Charles Taylor dalam bukunya The Secular Age menjelaskan bahwa sekularitas dalam praktiknya sangat sulit ditolak. Sekularisasi meluas hingga ke berbagai negeri dengan kecepatan dan cara yang berbeda-beda. Terdapat dua karakteristik dari pengembaran sekularitas dalam kehidupan. Pertama, terdapat pemusatan konsentrasi pada institusi dan praktik umum. Kedua, jatuhnya keyakinan dan praktik agama dalam kehidupan. pengembaraan yang luas tentang sekularisasi dapat dilihat pada 4 kategori yaitu; sekularitas publik, sosiologis, teologis dan filosifis.
1. Sekularitas
Publik
Sekularitas publik atau pemisah antara agama dengan
ruang publik dalam hal ini, kita tidak bisa lagi memunculkan agama pada
ruang-ruang publik. Agama disembunyikan di wilayah privat. Kenapa demikian?

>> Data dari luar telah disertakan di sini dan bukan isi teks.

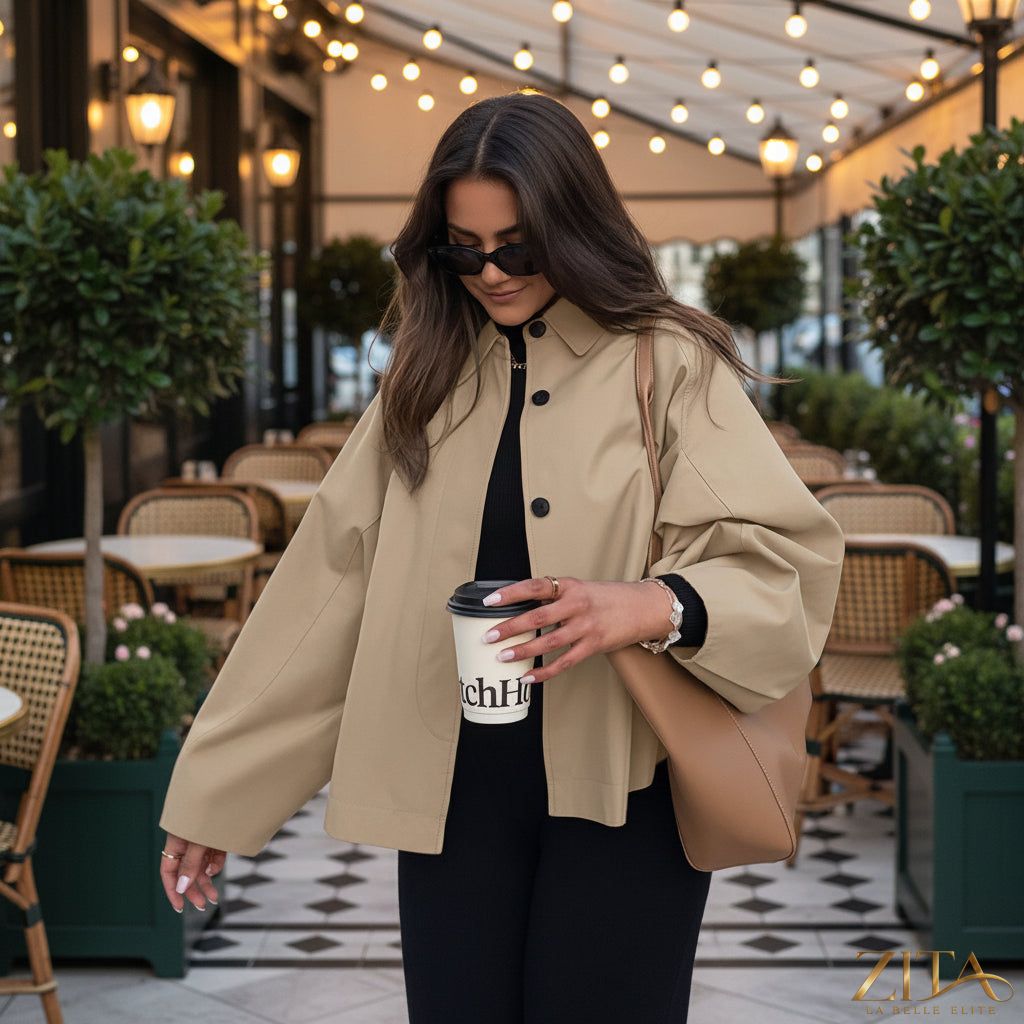 Women's French-style loose mid-length trench coat by Zita La Belle Elite, shown in a chic workwear look.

Karena jika agama dimunculkan di ruang publik maka agama hanya dijadikan
sebagai alat. Hal ini selaras dengan Marx yang menginginkan manusia terbebas
dari agama karena agama (Candu) hanya dijadikan alat penindas untuk kaum-kaum
lemah (Proletar) contoh lain misalnya dalam kontestasi politik yang ada di
Indonesia, agama seringkali dijadikan sebagai alat untuk kepentingan tertentu.
2. Sekularitas
Sosiologis
Sekularitas sosiologis dalam hal ini bahwa tekhnologi
atau sains hari ini sudah menjawab berbagai persoalan-persoalan yang dihadapi
oleh manusia yang sebelumnya selalu dibenturkan dengan agama atau Tuhan. Misalnya
ketika manusia mengalami penyakit, manusia percaya bahwa ini bisa diatasi
dengan sains. Bahkan sains hari ini sangat optimis bahwa manusia akan mengalami
yang namanya kematian (hal yang pasti) suatu saat nanti sains akan mampu
mengatasinya dengan perkembangan tekhnologi. Dengan demikian sains dan tekhnologi
akan menggeser peran Tuhan dari yang sentral menjadi sangat sempit.
3. Sekularitas
Teologis
Sekularitas teologis tidak lepas dari kajian Tuhan. Dalam
hal ini, kita tidak percaya akan adanya Tuhan. Tuhan itu hanyalah
bentuk-bentukan manusia yang lahir dari imajinasi manusia. Pada saat manusia
mengalami ketertindasan, penderitaan atau manusia tidak mampu mengatasi
masalah-masalah yang ia hadapi maka manusia kemudian memunculkan suatu gagasan
yang sangat dahsyat yaitu Tuhan sebagai penolong.
4. Sekularitas
Filosofis
Sekularitas ini mempersoalkan tentang hal-hal yang
bersifat metafisika. Metafisika sejauh ini dipahami sebagai salah satu ruang
yang dimana agama bisa muncul karena metafisika hanya berbicara tentang hal-hal
yang immaterial (ghaib, misterius dan hal-hal yang bersifat ketuhanan). Namun hari ini kembali digugat bahwa hal-hal
yang tidak mampu di verifikasi pada akhirnya kita tidak mampu memastikan
kebenarannya. Itu sebab hal ini tidak bisa dikatakan sebagai sains atau ilmu
pengetahuan.
Inilah beberapa pandangan baru tentang sekularisme menurut Charles Taylor yang dimana sekularisme dianggap memisahkan agama dari ruang-ruang publik atau agama dengan negara. Meskipun Charles Taylor menggap agama itu tidak ada namun berbeda halnya dengan Max Weber bahwa agama selalu ada didalam diri manusia.